- _The task_: For the entries below, copy exactly the line that contains "If you decide" through the line that contains "So this is a", both ends included, and exclude all pictures.

- _Data section_:

════

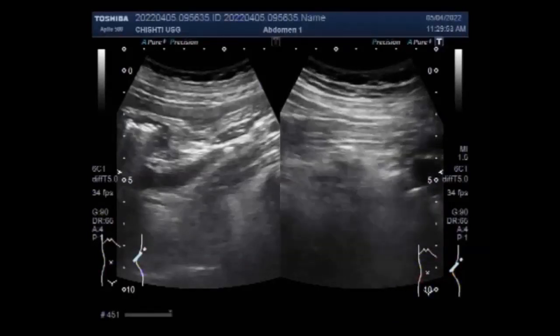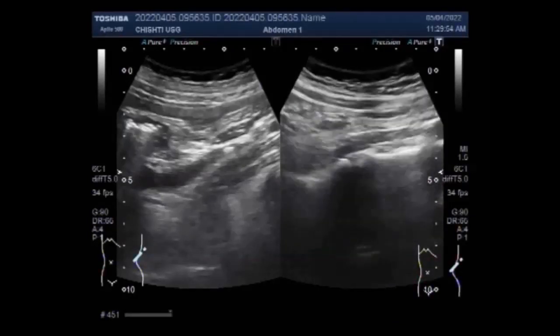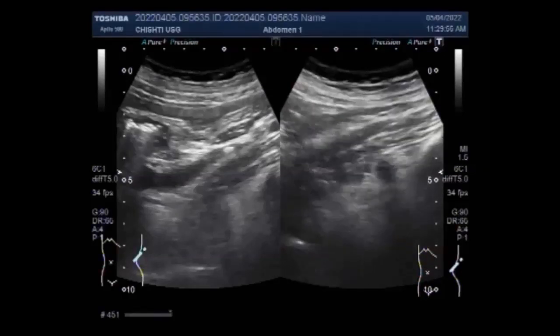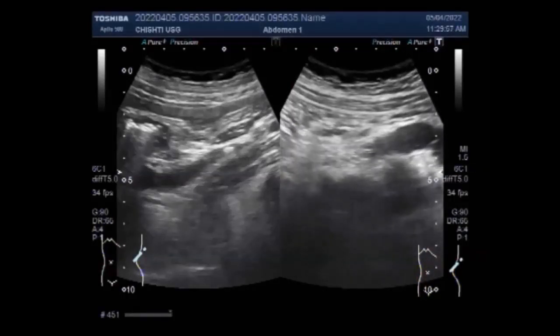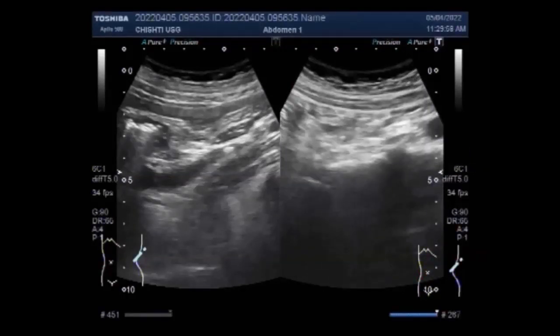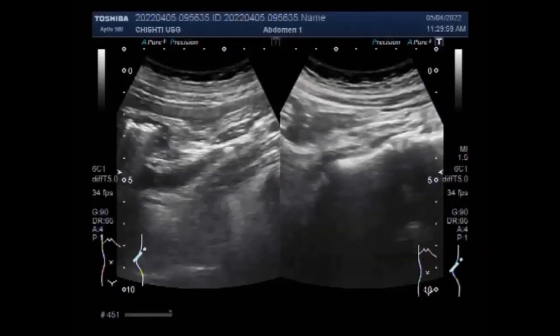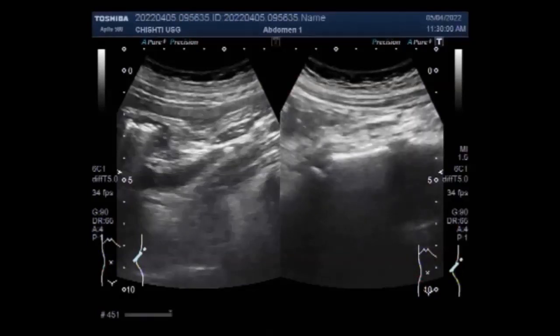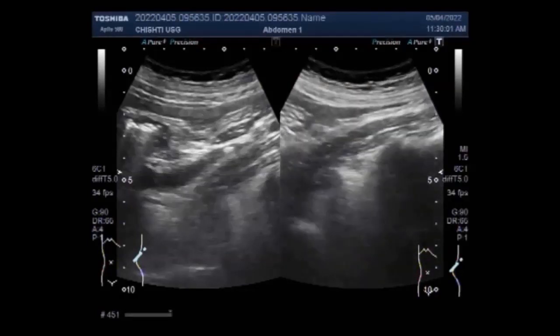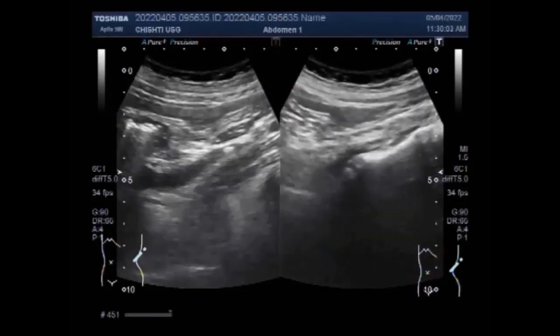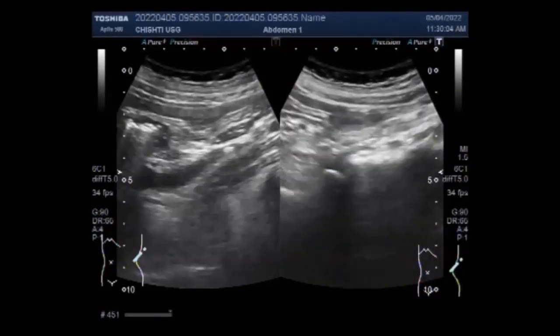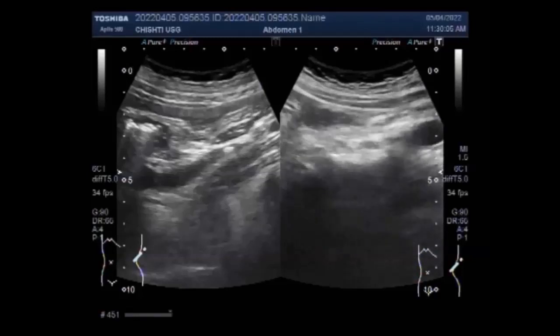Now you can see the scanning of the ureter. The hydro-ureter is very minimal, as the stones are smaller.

════

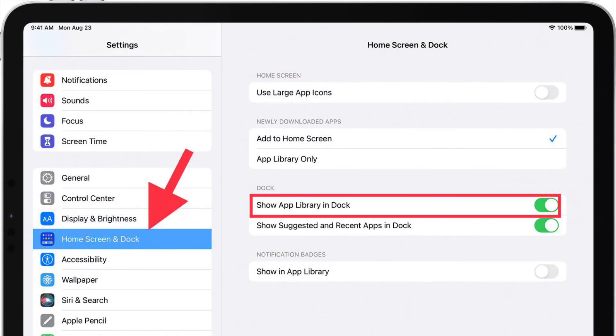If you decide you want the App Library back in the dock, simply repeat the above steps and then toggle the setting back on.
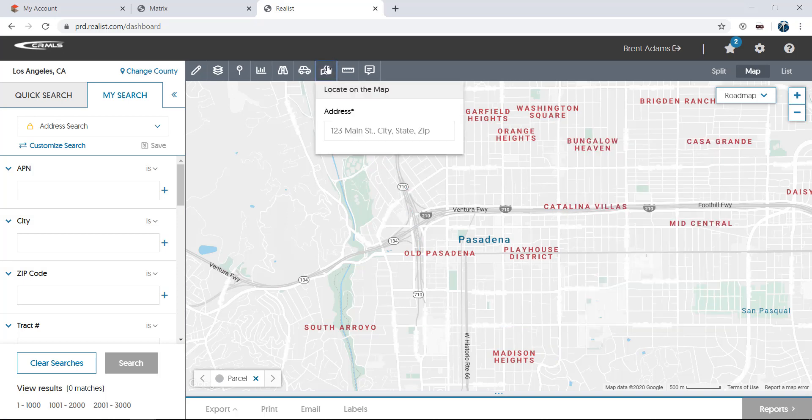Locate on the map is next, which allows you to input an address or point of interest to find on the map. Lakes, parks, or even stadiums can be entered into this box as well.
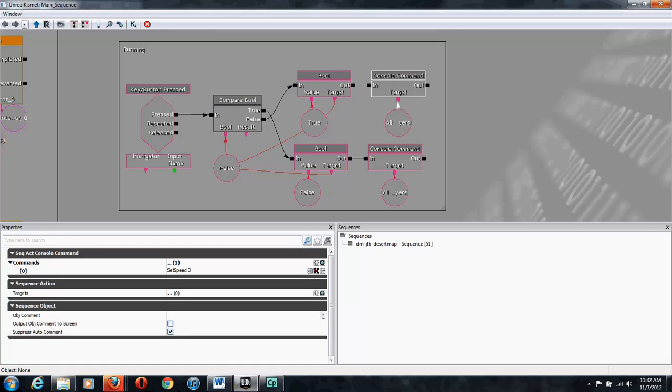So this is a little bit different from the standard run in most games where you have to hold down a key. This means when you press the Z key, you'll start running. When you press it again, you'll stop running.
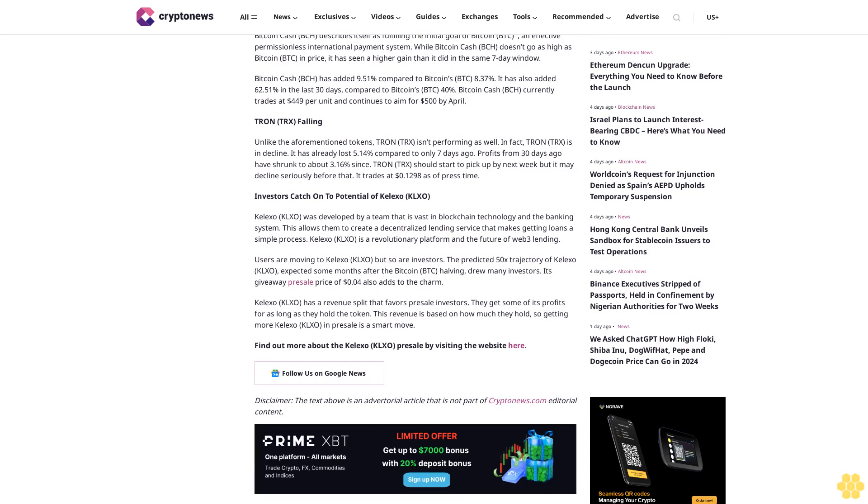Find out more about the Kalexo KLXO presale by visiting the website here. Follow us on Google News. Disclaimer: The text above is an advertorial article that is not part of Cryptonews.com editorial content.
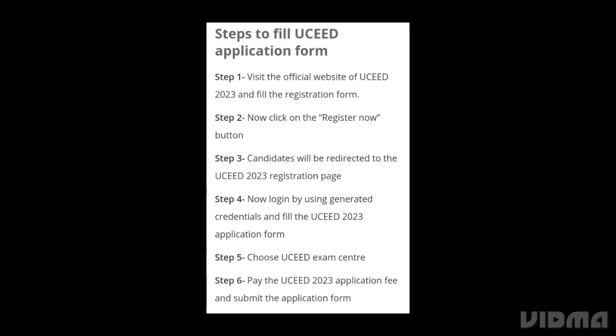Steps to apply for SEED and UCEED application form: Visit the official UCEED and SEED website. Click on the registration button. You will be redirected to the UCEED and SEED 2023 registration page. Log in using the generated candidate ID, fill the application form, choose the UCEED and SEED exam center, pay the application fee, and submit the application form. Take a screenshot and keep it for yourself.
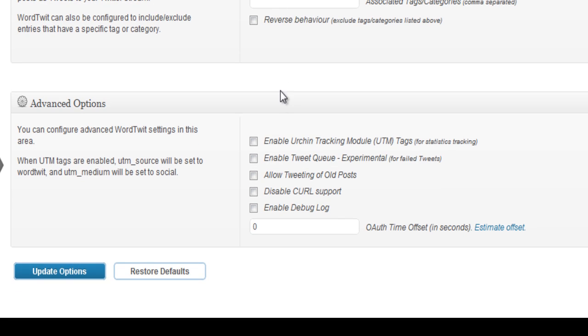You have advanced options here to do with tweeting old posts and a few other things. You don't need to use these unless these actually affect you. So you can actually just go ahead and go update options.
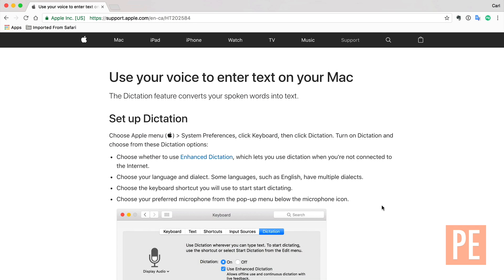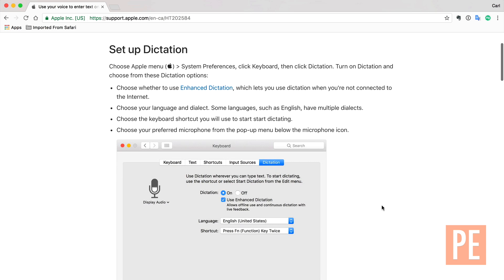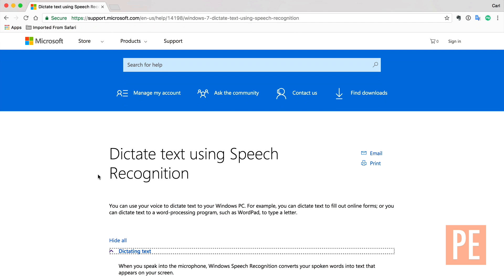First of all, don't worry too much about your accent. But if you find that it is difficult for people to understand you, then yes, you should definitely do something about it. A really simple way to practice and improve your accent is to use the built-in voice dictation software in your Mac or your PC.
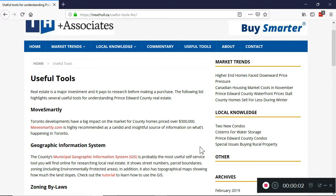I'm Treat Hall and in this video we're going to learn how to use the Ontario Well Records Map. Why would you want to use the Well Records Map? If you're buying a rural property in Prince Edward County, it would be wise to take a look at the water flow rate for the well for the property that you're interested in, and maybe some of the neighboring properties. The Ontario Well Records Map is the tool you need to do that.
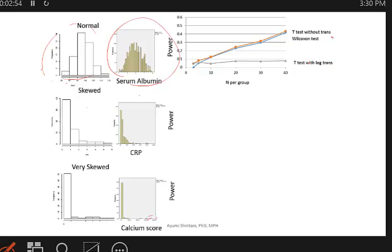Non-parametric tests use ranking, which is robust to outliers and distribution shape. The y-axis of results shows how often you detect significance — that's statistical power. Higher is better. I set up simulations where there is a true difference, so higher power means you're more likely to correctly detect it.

════

- _Expected answer_:
If you decide you want the App Library back in the dock, simply repeat the above steps and then toggle the setting back on.
Locate on the map is next, which allows you to input an address or point of interest to find on the map. Lakes, parks, or even stadiums can be entered into this box as well.
So this is a little bit different from the standard run in most games where you have to hold down a key. This means when you press the Z key, you'll start running. When you press it again, you'll stop running.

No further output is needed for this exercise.